I'm blatantly copying this post from Sententiae Antiquae today, as they have worded this wonderfully! Dr. Deborah Beck at the University of Texas had her students produce podcasts on specific passages from Homer’s Iliad. Each podcast lasts about 12 minutes and can be listened to in sequence or as a standalone piece. Dr. Beck starts the project off herself with a nice introduction and a discussion of Iliad 22.199-213. In looking at Hektor’s flight from Achilles provides her an opportunity to think about divine engagement in the war “helps to …make the Iliad a universal story of loss and war rather than a more simplistic and less interesting victory song of the Greeks.”
The first student presentation by Ethan Russo looks at Achilles’ reflection on Hektor and his treatment of the body. Ethan emphasizes the emotive experience of reading the passage out-loud as a method in re-embodying the text. The third episode turns to Andromache’s laments for Hektor and how the narrator characterizes her ignorance (“evoking the distance between Andromache’s expectations and reality”). Sam Ross’s reflections on presenting this text in class are a personal and useful reminder of what it is like for anyone to plan a class.
Altogether the podcasts provide an intimate view of the tools and assumptions that shape the way we read Homer together. Claudia Cockerell brings us to the beginning of book 23 in the 4th episode and asks us to think about the catharsis of the coming funeral. She starts with a reading of the appearance of Patroklos at the beginning of the book and “the fact that Patroklos thinks they will be able to embrace one more time further underlines how little he knows of the current situation”. Claudia communicates her own deep conflict in witnessing the dream sequence and being unsure of which character deserves our pity.

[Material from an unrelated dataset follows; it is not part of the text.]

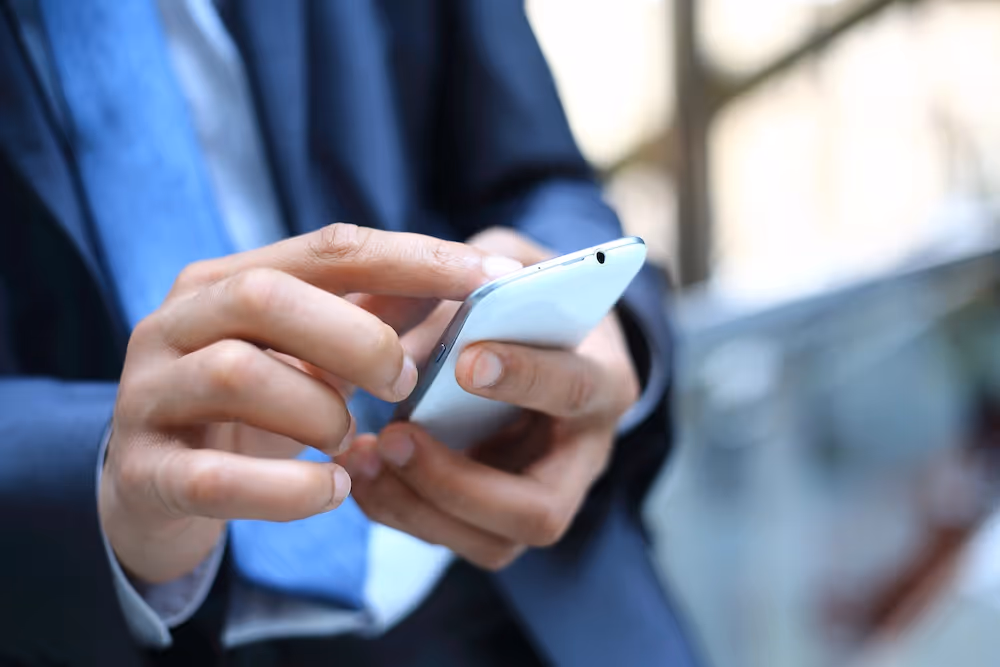 Handing holding a phone depicting Voip solution offered by Allsafe IT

In Episode 5, Austin McDow expands on the simile which precedes Priam’s supplication of Achilles in the middle of book 24 (24.424-506). Austin does a great job of invoking the basic themes of Priam’s katabasis before turning to the simile–he summarizes how his fellow students responded to his simile and the potentially ungovernable range of responses to such a charged moment.
In Episode 6, Rachel Pritchett focuses on Achilles’ response to Priam’s request–she surveys each of Achilles’ speeches in book 24 to show how each one of them emphasizes “important insights into the character’s worldview, emotions, and sympathies.” Staying with this movement, Trey Timson uses Episode 7 to talk about Achilles’ myth of Niobe in book 24. This paradeigma (a hero’s telling of a previous myth for a specific purpose) is one of the more hotly debated topics in Homeric scholarship. Trey brings together multiple interpretations and the conventional tale to bear on the strangeness and power of this moment. He notes smartly that ancient audiences might not be troubled by contradictions–he sees a blend of different traditions operative at the same time. (He spends an extra bit of time focusing on the importance of sitos (“grain”) in this passage.)
Episode 8 (which comes a bit out of order) looks at the final 100 lines of the Iliad. Lauryn Hanely provides a proud overview of the poem’s end, starting with a tangent about the importance of a three-act structure for works of art, separating the poem into three parts. For her, books 23 and 24 present the denouement of the three-part movement. Lauren goes through the powerful laments that close the epic’s final book.